La deliberazione del Garante attuativa della decisione, al momento in cui il presente testo viene redatto, è in fase di predisposizione.

 

57. "Safe Harbor"
Il 10 Ottobre 2001 l´Autorità ha adottato un´autorizzazione (pubblicata in G.U. 26 novembre 2001) che attua la decisione n. 2000/520/CE, in base alla quale la Commissione europea ha riconosciuto che i principi internazionali di riservatezza del Safe Harbor (letteralmente, "approdo sicuro"), pubblicati dal Dipartimento del commercio degli Stati Uniti, costituiscono un´adeguata protezione ai fini del trasferimento di dati personali dall´Unione europea verso tale Paese. Dei principi e della complessa negoziazione che ha portato alla loro determinazione si è detto nella precedente relazione (v. Relazione  2000, p. 86).

Anche in questa autorizzazione il Garante si riserva di controllare la legittimità dei trasferimenti e di adottare i provvedimenti ad essa eventualmente conseguenti.

Sull´applicazione della decisione 2000/520/CE, la Commissione europea ha adottato un primo documento il 13 febbraio 2002, corrispondendo a quanto auspicato dal Parlamento europeo che, con risoluzione del 5 luglio 2000, aveva invitato la Commissione ad assicurare uno stretto monitoraggio del funzionamento del sistema dell´approdo sicuro.

Il documento si basa su informazioni raccolte in Europa presso le autorità di garanzia dei Paesi membri e negli Stati Uniti, presso il sito Internet del Dipartimento del commercio, autorità pubbliche e private in vario modo interessate all´esecuzione dei principi, nonché presso i siti delle organizzazioni aderenti all´accordo alla data del 4 giugno 2001.

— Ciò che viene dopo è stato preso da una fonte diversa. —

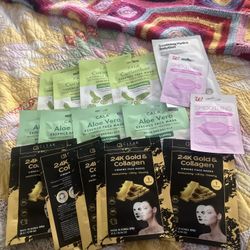 16 Assorted Facial Sheet Masks And Lip Masks 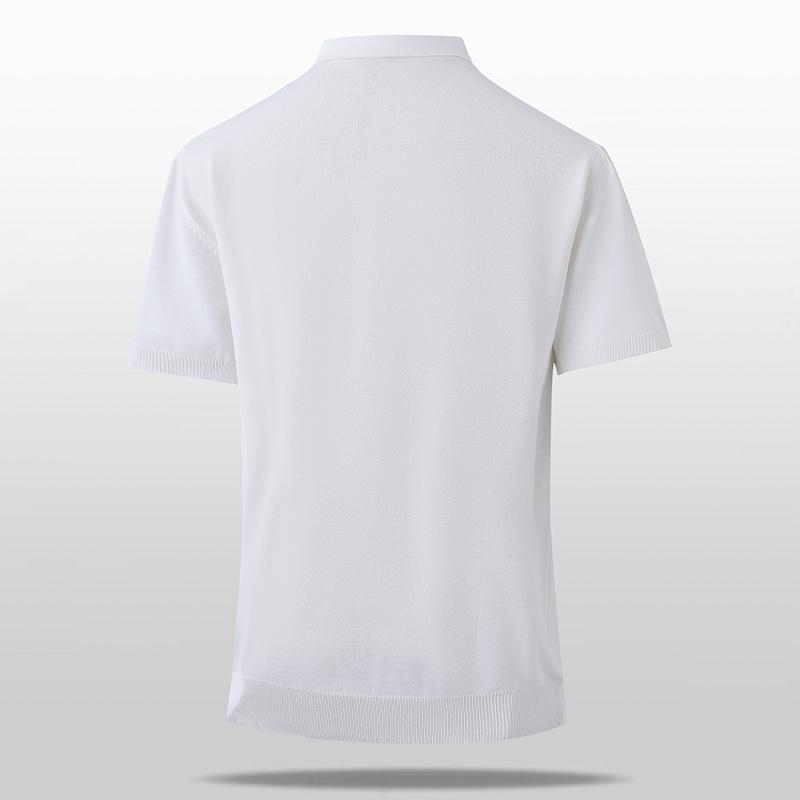 Polo a Maniche Corte in Seta di Ghiaccio da Uomo Casual Larga Maglietta a Polo con Mezza Zip e Colletto Maglia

Si tratta di un rapporto provvisorio che offre, comunque, significativi spunti di riflessione ed evidenzia alcuni punti critici sulle carenze che si registrano in termini di effettiva applicazione dell´Accordo e di trasparenza in relazione alle prassi applicative ed alle decisioni adottate sulle dispute. In sintesi, viene anzitutto rilevata l´importanza, in termini di semplificazione e riduzione delle incertezze, di aver identificato uno standard che corrisponde all´adeguata protezione richiesta dalla direttiva, e viene altresì osservato, in linea generale, che i principi, tanto negli Usa quanto nell´Ue, sono in atto.

In proposito, per quanto riguarda gli Stati uniti, il Dipartimento del commercio cura l´elenco pubblico delle organizzazioni insediate negli Usa che hanno autocertificato la propria adesione ai principi (183 al 19 aprile 2002) ed ha assunto  iniziative opportune per far conoscere agli operatori il contenuto dell´Accordo. Per quanto concerne invece l´Unione europea, i Paesi membri hanno adottato, ove richieste dai loro ordinamenti interni, le misure necessarie per consentire il flusso dei dati verso gli aderenti all´Accordo, ed è stato reso operativo l´elenco di autorità garanti cui possono rivolgersi gli aderenti per la soluzione delle dispute negli Usa.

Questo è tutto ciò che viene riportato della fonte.